Mon, Dec 04, 2017
Will Provide Next-Gen Weather Satellite
The U.S. Air Force Space and Missile Systems Center (SMC) has selected Ball Aerospace to deliver the next-generation operational environmental satellite system, Weather System Follow-on – Microwave (WSF-M), for the Department of Defense (DoD). WSF-M is a predominantly fixed price contract that will provide for system design and risk reduction of a Low Earth Orbit (LEO) satellite with a passive microwave imaging radiometer instrument and hosted Government furnished energetic charged particle (ECP) sensor. The contract will include options for the development and fabrication of two LEO satellites as well as options for launch vehicle integration, launch and early orbit test, and operational test and evaluation support.
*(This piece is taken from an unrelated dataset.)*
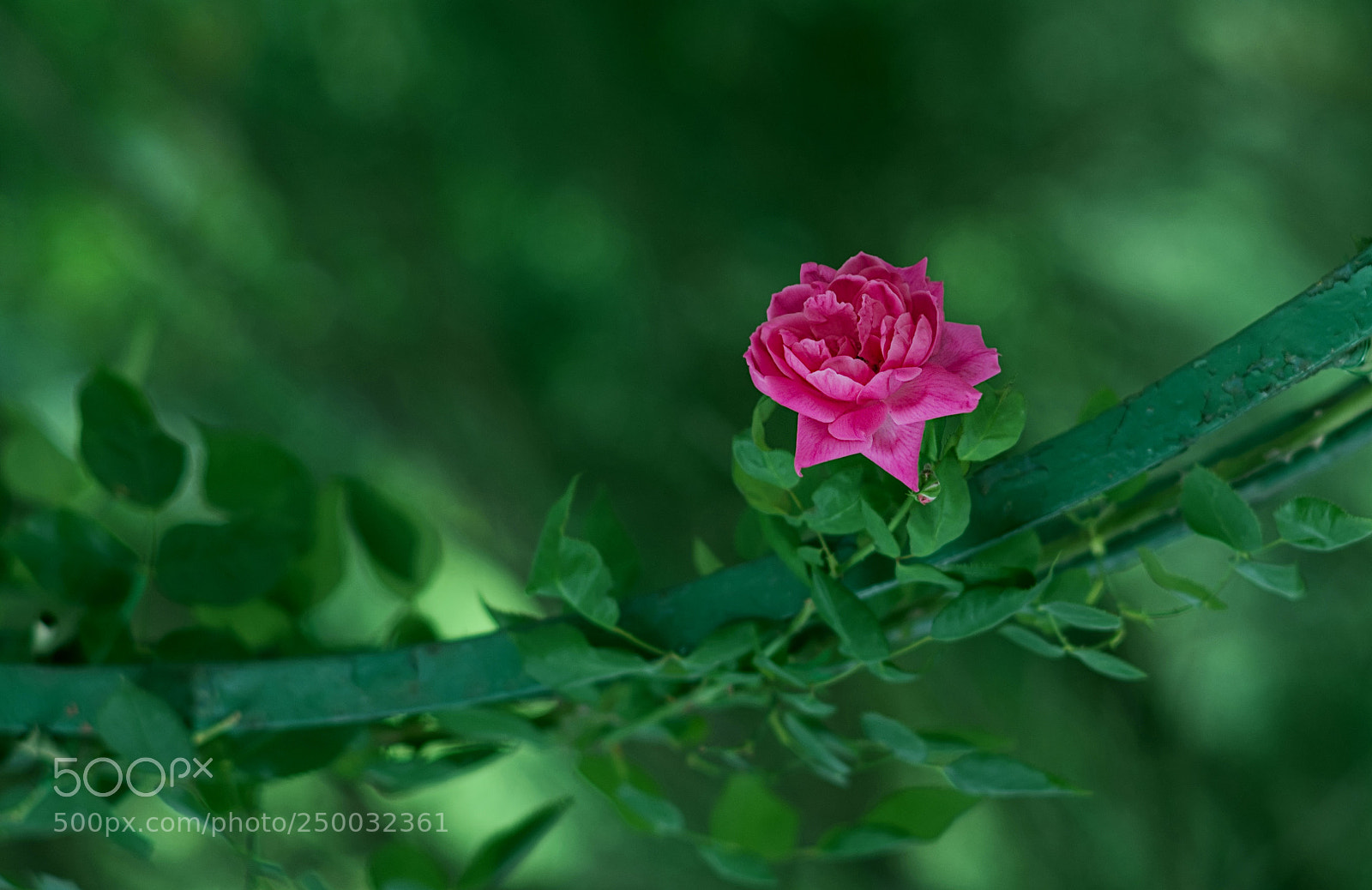 Nikon D610 sample photo. Rose photography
This mission will improve weather forecasting over maritime regions by taking global measurements of the atmosphere and ocean surface.

"This is an exciting win for us, and we're looking forward to expanding our work with the Air Force and continuing to support warfighters and allies around the world," said Rob Strain, president, Ball Aerospace. "WSF-M extends Ball's legacy of providing precise measurements from space to enable more accurate weather forecasting."
As the prime contractor, Ball will be responsible for developing and integrating the entire microwave system, which includes the microwave instrument, spacecraft and system software.
WSF-M is designed to mitigate three high priority DoD Space-Based Environmental Monitoring (SBEM) gaps: ocean surface vector winds, tropical cyclone intensity and LEO energetic charged particles.
This new environmental satellite system leverages the Ball-built Global Precipitation Measurement (GPM) Microwave Imager (GMI) instrument, which is the on-orbit reference standard for calibrating precipitation measurements in NASA's GPM constellation. The WSF-M bus will be based on the Ball Configurable Platform, a proven, agile spacecraft with 50 years of on-orbit operations for affordable remote sensing applications.
Ball has played key roles on numerous national and international programs that make critical measurements of the physical environment. These include designing and building the weather spacecraft for both the recently launched Joint Polar Satellite System-1 (JPSS-1) and for the Suomi National Polar-orbiting Partnership (Suomi NPP).